[Start of Attachment]

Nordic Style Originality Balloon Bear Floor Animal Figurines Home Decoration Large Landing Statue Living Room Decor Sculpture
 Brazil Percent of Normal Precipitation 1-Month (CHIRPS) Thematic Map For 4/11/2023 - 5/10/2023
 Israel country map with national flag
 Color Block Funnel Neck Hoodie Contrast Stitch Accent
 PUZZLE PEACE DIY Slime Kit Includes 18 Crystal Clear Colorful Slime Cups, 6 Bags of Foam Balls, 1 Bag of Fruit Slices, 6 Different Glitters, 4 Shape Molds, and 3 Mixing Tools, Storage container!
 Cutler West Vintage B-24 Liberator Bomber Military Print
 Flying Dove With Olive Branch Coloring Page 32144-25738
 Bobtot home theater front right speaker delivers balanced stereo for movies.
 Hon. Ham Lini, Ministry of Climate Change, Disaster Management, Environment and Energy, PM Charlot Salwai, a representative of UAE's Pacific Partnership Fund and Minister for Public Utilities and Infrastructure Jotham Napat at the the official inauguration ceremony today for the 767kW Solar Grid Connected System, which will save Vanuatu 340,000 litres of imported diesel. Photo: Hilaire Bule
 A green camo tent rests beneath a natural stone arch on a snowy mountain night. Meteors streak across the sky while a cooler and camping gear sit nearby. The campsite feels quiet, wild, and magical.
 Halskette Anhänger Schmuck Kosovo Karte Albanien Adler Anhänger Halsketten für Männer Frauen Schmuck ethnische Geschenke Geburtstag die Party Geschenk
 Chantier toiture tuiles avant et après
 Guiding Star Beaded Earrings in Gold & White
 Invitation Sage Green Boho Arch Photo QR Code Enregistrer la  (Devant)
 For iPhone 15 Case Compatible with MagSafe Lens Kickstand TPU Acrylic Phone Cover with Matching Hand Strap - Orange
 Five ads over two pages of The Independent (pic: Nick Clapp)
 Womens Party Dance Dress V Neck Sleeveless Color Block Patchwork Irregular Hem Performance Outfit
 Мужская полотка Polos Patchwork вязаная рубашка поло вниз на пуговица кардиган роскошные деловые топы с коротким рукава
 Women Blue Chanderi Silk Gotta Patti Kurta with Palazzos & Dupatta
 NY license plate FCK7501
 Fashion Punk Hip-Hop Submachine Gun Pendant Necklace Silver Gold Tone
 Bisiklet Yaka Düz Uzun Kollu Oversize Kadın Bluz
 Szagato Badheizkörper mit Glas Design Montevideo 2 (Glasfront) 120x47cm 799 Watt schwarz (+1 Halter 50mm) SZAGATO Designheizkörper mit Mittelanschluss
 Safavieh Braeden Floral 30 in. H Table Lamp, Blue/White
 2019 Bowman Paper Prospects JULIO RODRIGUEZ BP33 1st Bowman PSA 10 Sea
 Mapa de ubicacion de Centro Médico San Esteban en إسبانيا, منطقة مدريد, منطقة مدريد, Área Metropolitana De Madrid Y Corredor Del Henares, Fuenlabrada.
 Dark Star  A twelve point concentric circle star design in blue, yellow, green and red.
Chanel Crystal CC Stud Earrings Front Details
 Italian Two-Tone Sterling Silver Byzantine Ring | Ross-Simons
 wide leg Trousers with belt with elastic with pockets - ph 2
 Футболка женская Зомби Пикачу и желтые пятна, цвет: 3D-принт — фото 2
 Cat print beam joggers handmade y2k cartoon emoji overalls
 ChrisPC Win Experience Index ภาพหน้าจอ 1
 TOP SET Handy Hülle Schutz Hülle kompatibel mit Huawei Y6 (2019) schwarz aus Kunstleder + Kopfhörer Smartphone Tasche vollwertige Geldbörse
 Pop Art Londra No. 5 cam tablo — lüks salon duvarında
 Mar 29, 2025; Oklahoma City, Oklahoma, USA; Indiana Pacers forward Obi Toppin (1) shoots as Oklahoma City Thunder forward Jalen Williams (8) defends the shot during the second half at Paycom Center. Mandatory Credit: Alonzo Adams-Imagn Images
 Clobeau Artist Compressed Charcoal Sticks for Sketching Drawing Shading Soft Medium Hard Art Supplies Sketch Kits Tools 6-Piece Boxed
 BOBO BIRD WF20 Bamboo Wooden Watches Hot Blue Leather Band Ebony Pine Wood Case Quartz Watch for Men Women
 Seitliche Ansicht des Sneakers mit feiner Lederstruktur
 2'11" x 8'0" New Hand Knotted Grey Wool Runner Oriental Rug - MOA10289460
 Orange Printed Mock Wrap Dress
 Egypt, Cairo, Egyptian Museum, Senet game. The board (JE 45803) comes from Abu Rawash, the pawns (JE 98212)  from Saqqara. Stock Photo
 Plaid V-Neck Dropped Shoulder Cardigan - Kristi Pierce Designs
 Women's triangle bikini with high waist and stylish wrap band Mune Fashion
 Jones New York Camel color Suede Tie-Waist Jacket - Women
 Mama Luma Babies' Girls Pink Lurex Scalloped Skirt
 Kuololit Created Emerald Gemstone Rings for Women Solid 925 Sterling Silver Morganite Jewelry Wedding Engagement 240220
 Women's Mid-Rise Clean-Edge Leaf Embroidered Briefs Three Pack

[End of Attachment]

[Requirement]
Exactly the lines above from the one with "Halskette Anhänger Schmuck" to the one with "Safavieh Braeden Floral", both included, are to be quoted; leave the rest out.

[Expected output]
 Halskette Anhänger Schmuck Kosovo Karte Albanien Adler Anhänger Halsketten für Männer Frauen Schmuck ethnische Geschenke Geburtstag die Party Geschenk
 Chantier toiture tuiles avant et après
 Guiding Star Beaded Earrings in Gold & White
 Invitation Sage Green Boho Arch Photo QR Code Enregistrer la  (Devant)
 For iPhone 15 Case Compatible with MagSafe Lens Kickstand TPU Acrylic Phone Cover with Matching Hand Strap - Orange
 Five ads over two pages of The Independent (pic: Nick Clapp)
 Womens Party Dance Dress V Neck Sleeveless Color Block Patchwork Irregular Hem Performance Outfit
 Мужская полотка Polos Patchwork вязаная рубашка поло вниз на пуговица кардиган роскошные деловые топы с коротким рукава
 Women Blue Chanderi Silk Gotta Patti Kurta with Palazzos & Dupatta
 NY license plate FCK7501
 Fashion Punk Hip-Hop Submachine Gun Pendant Necklace Silver Gold Tone
 Bisiklet Yaka Düz Uzun Kollu Oversize Kadın Bluz
 Szagato Badheizkörper mit Glas Design Montevideo 2 (Glasfront) 120x47cm 799 Watt schwarz (+1 Halter 50mm) SZAGATO Designheizkörper mit Mittelanschluss
 Safavieh Braeden Floral 30 in. H Table Lamp, Blue/White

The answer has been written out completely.